**Exercise aim:**
Every line of the listing should be retyped exactly, but none of the pictures should be.

################

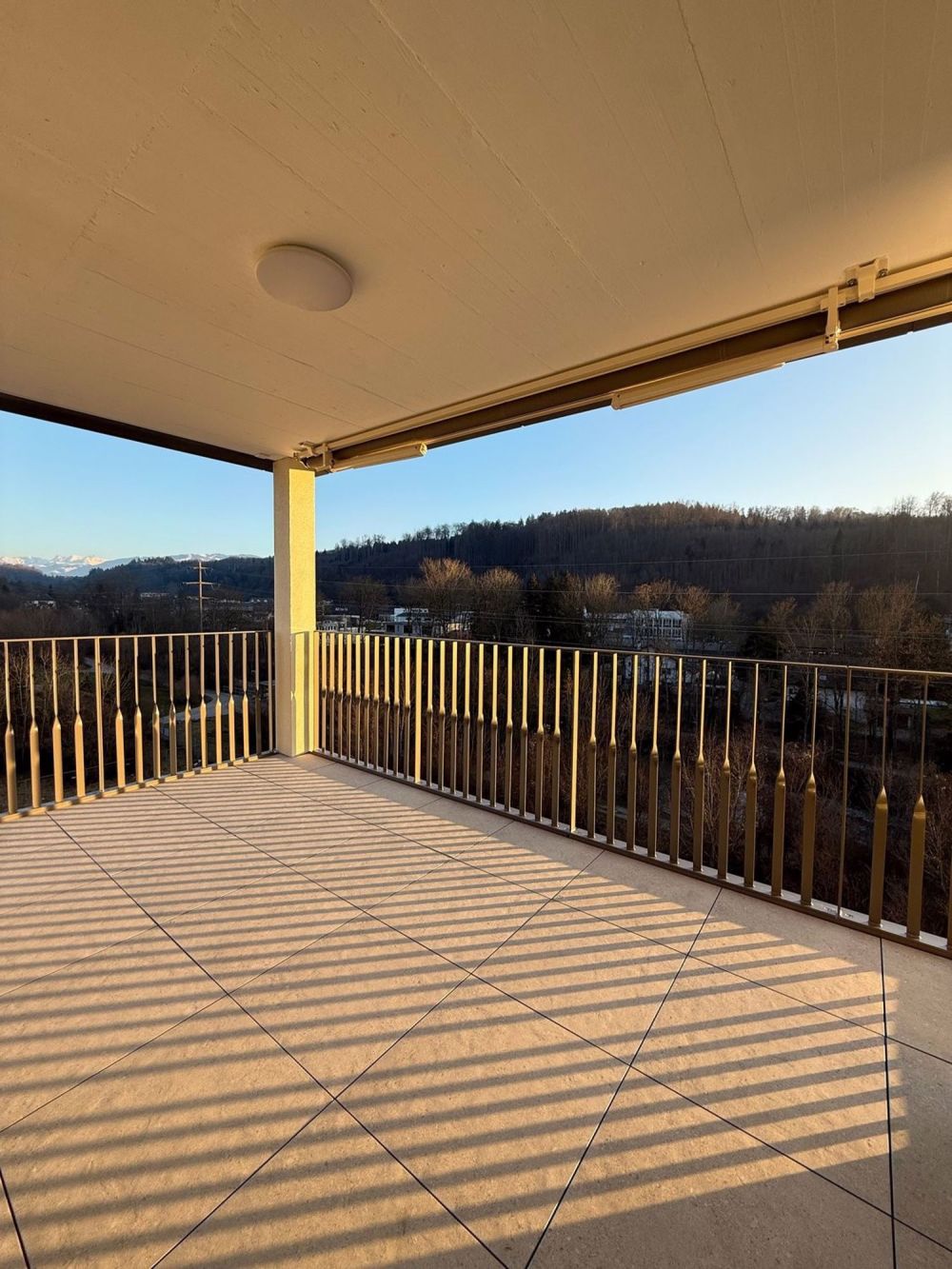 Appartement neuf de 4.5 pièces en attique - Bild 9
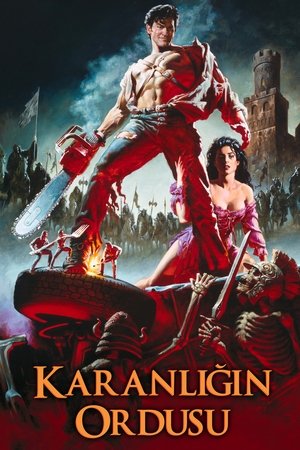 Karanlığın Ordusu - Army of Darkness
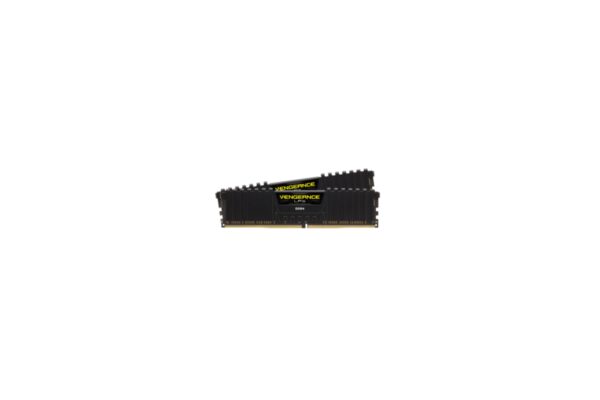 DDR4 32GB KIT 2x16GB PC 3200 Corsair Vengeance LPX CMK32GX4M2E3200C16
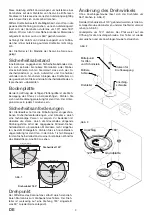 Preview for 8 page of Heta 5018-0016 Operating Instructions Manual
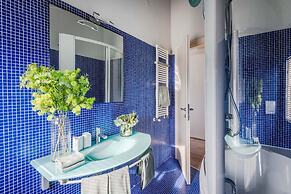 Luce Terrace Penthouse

################

**Written response:**
 Appartement neuf de 4.5 pièces en attique - Bild 9
 Karanlığın Ordusu - Army of Darkness
 DDR4 32GB KIT 2x16GB PC 3200 Corsair Vengeance LPX CMK32GX4M2E3200C16
 Preview for 8 page of Heta 5018-0016 Operating Instructions Manual
 Luce Terrace Penthouse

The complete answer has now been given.